Welcome to Research Log #024! We document weekly research progress across the various initiatives in the Manifold Research Group, and highlight breakthroughs from the broader research community we think are interesting in the Pulse of AI!
We’re growing our core team and pursuing new projects. If you’re interested in working together, join the conversation on Discord and check out our Github.
NEKO
The NEKO Project aims to build the first large scale, Open Source "Generalist" Model, trained on numerous modalities including control and robotics tasks. You can learn more about it here.
- Datasets: Last week, we covered the proposal of Version 0 of the training dataset for the Vision + Language modality. However, we also need a smaller subset of this dataset to use for test runs, so this week we have proposed a smaller version. More can be read here.

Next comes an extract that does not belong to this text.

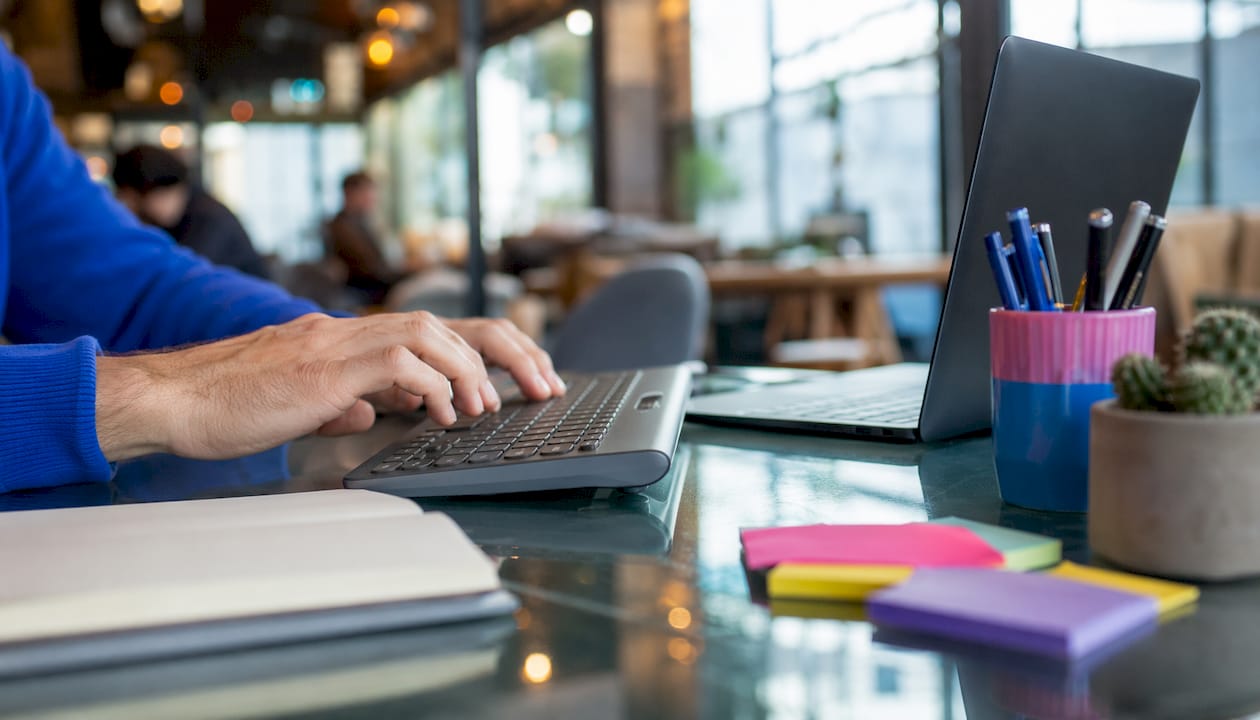 Hands typing on keyboard with SEO reports nearby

- Control: We are trying to improve the control modality performance of Neko by training on more control datasets. As such, we are currently expanding the control modality team. If you are interested in joining this effort, hop on the discord!
Agent Forge
The AgentForge Project aims to build models, tools, and frameworks that allow anyone to build much more powerful AI agents capable of using tools and interacting with the digital and physical worlds.
This week, the AF team has been reviewing several items like: delving deeper into OS Action Models, learning the current status in Tool Use Models, and cleaning up the project roadmap for the year. Action Models and Tool Use Models refer to models which engage with APIs or other tool interfaces to accomplish tasks. AF team member Thomas, is leading the actual composition of the agent survey draft based on the literature review we have been working on for the last couple of months. We are starting to have a mature enough base that we can hopefully look forward to publishing something soon!
Pulse of AI
There have been some exciting advancements this week!
Scalable Pre-training of Large Autoregressive Image Models
Figure 1: Graphs of scaling laws for the AIM models. Source: paper.
Apple has dropped a new paper which introduced a Large Vision Model, known as AIM. AIM is interesting for two key reasons. 1) Scaling laws seem to apply to this architecture and 2) the value that you get from them on training is a predictor of their performance on new images.
Figure 2: Graphic of the AIM Transformers and how they work. Source: paper.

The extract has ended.